5.2.3. Management of intra-group conflicts of interest

5:16 Conflicting interests at group level should be identified and prevented or managed.  These may include:

  1. conflicts of interest arising from the performance of mutually conflicting activities;
  2. intra-group transactions and the allocation of capital within the group;
  • diverging interests between the institution responsible for the group and subsidiaries or between subsidiaries, e.g. regarding the allocation of corporate and regulatory opportunities;
  1. decisions of the group which, for the various activities carried out by different subsidiaries, impact differently the management of their financial situation.

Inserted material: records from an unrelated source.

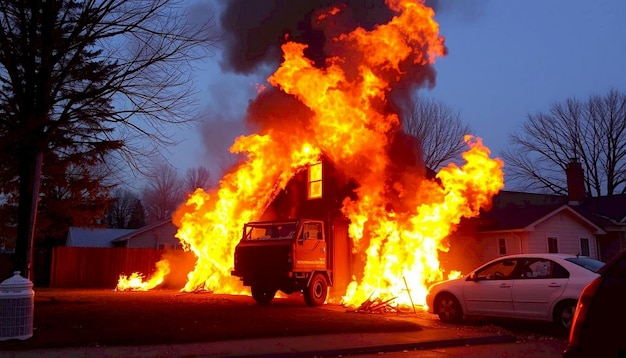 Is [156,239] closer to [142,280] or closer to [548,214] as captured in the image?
[142,280]

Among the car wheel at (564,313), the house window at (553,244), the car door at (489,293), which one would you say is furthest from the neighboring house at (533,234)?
the car wheel at (564,313)

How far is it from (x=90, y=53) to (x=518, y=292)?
11.2 metres

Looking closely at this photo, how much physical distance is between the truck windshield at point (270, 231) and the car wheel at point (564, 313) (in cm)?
774

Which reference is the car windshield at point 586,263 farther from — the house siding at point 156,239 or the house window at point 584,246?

5:17 In the exercise of their corporate responsibility, the directors of the subsidiary should dispose of appropriate resources to safeguard the firm’s corporate interest while keeping in mind its stakeholders. For this purpose, intra-group mechanisms should be put in place to identify certain decisions or practices at group level that could give rise to an intra-group conflict of interest and bring them to the attention of the governing bodies of the subsidiary and the institution responsible for the group.  In the case of intra-group operations or transactions that could be material for the subsidiary, an ad hoc committee of independent directors should be set up to issue an opinion, for consideration by the subsidiary’s statutory governing body, on the subsidiary’s interest in the context of such intra-group operations or transactions.

5:18 Depending on the group’s governance model, these internal mechanisms should also be based, for example, on a robust supervisory function within the subsidiary’s statutory governing body, directors on the subsidiary’s statutory governing body who are independent from the institution responsible for the group or subgroup, or effective independent control functions within the subsidiary.